→ What is required:
Return the following data exactly, with all pictures left out.

╭─ Extracted records

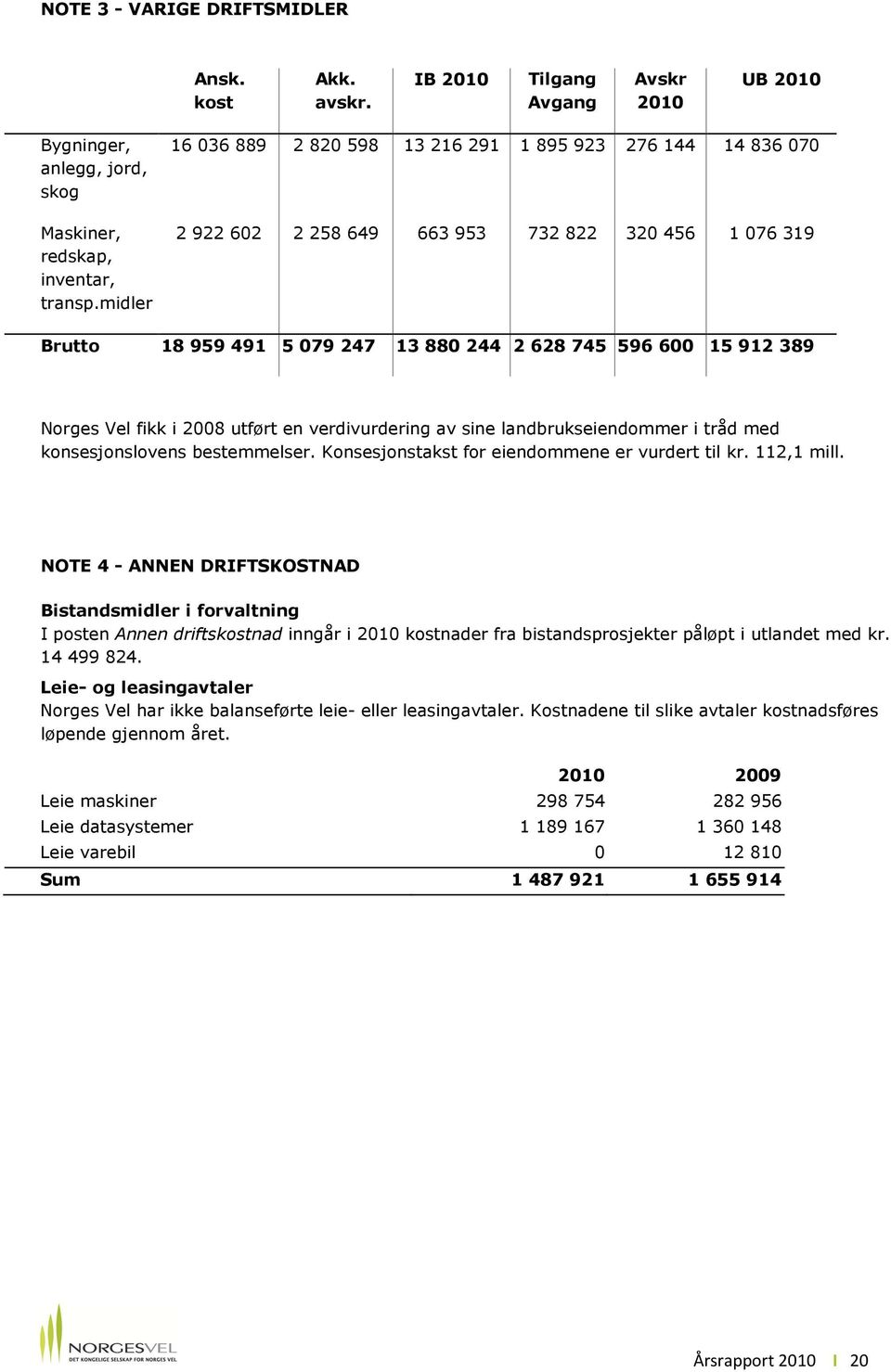 Vel fikk i 2008 utført en verdivurdering av sine landbrukseiendommer i tråd med konsesjonslovens bestemmelser. Konsesjonstakst for eiendommene er vurdert til kr. 112,1 mill.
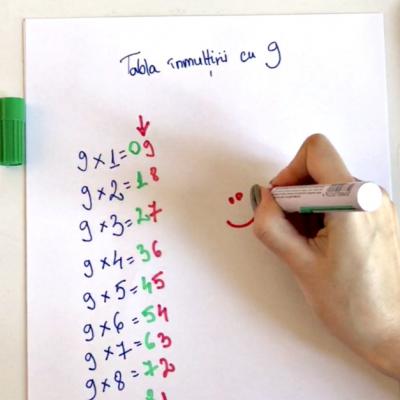 Tabla inmultirii cu 9 in cea mai usoara varianta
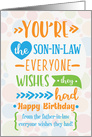 Happy Birthday to Son in Law from Father in Law Word Art card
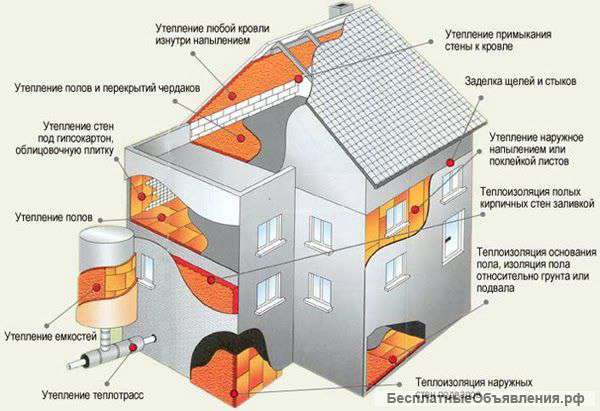 Бесшовная Тепло-гидроизоляция Пенополиуретаном
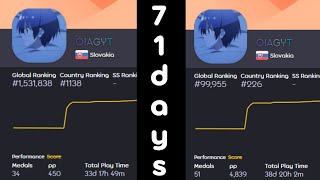 my 71 day long journey to 5 digit in osu [upl. by Ilrahc247]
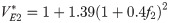 Figure 47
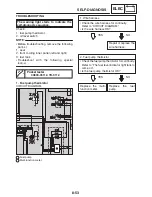 Preview for 424 page of Yamaha FZ6-SS Service Manual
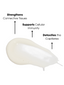 Revitalizing Cleansing Cream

╰─

→ Solution to the problem:
 Vel fikk i 2008 utført en verdivurdering av sine landbrukseiendommer i tråd med konsesjonslovens bestemmelser. Konsesjonstakst for eiendommene er vurdert til kr. 112,1 mill.
 Tabla inmultirii cu 9 in cea mai usoara varianta
 Happy Birthday to Son in Law from Father in Law Word Art card
 Бесшовная Тепло-гидроизоляция Пенополиуретаном
 my 71 day long journey to 5 digit in osu [upl. by Ilrahc247]
 Figure 47
 Preview for 424 page of Yamaha FZ6-SS Service Manual
 Revitalizing Cleansing Cream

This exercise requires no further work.